18 Décembre 2018

Burkina Faso: Rencontre gouvernement /CCVC /Chrysogone Zougmoré - « Nous sortons insatisfaits »

Le Premier ministère a été le cadre d'une rencontre, le lundi 17 décembre 2018, entre une délégation de la Coalition nationale de lutte contre la vie chère, la corruption, la fraude, l'impunité et pour les libertés (CCVC) et une délégation gouvernementale dirigée par le Premier ministre, Paul Kaba Thiéba. Il était question de négociations sur les revendications de la CCVC qui ont achoppé sur le prix du carburant.

« Nous sortons, au niveau de la CCVC, insatisfaits de cette rencontre dans la mesure où le gouvernement n'a pas accédé au premier point, le point principal de notre plateforme revendicative qui est le retour des prix des hydrocarbures avant la décision gouvernementale du 8 novembre 2018 », a déclaré Chrysogone Zougmoré, au nom de la Coalition nationale de lutte contre la vie chère, la corruption, la fraude, l'impunité et pour les libertés (CCVC).

C'était le 17 décembre dernier, au sortir du deuxième round de discussions qui a duré près de 8 heures de temps entre la CCVC et une délégation du gouvernement conduite par le Premier ministre, Paul Kaba Thiéba. La première rencontre a eu lieu le 10 décembre 2018.
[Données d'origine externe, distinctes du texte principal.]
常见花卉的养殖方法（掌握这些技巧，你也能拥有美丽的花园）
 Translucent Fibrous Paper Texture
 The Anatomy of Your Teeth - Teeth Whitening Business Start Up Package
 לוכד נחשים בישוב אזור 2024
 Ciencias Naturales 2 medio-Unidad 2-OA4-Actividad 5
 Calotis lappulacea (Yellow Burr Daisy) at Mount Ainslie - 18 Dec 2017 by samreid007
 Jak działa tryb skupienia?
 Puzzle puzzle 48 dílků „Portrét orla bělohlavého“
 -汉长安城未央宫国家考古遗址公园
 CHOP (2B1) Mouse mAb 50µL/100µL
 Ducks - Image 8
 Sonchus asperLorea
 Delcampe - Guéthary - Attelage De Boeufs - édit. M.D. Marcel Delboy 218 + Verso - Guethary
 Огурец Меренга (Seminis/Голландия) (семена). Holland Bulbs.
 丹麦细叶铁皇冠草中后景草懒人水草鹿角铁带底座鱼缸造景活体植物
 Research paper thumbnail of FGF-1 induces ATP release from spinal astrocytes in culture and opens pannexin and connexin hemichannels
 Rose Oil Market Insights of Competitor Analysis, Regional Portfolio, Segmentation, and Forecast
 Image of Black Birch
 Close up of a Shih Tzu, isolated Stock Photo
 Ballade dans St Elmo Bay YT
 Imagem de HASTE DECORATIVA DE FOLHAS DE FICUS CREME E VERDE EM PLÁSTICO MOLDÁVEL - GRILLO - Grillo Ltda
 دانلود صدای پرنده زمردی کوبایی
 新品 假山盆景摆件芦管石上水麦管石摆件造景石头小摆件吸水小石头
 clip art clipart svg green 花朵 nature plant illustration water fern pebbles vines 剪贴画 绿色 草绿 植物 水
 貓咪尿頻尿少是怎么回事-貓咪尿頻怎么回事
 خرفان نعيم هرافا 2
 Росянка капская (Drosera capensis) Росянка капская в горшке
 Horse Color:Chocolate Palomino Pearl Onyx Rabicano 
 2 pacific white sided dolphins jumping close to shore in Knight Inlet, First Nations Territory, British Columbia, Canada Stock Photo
Il faut relever que la plateforme revendicative compte 7 points, et pour la CCVC, il ne s'agit pas de faire une sommation mécanique de points d'accord et de désaccord parce que cela n'a pas de sens, fait savoir Chrysogone Zougmoré, avant d'attirer l'attention en indiquant que les points 2 à 6 de leur plateforme revendicative constituent, pour la coalition, les éléments de suggestions faites au gouvernement pour accéder au point principal de leur revendication.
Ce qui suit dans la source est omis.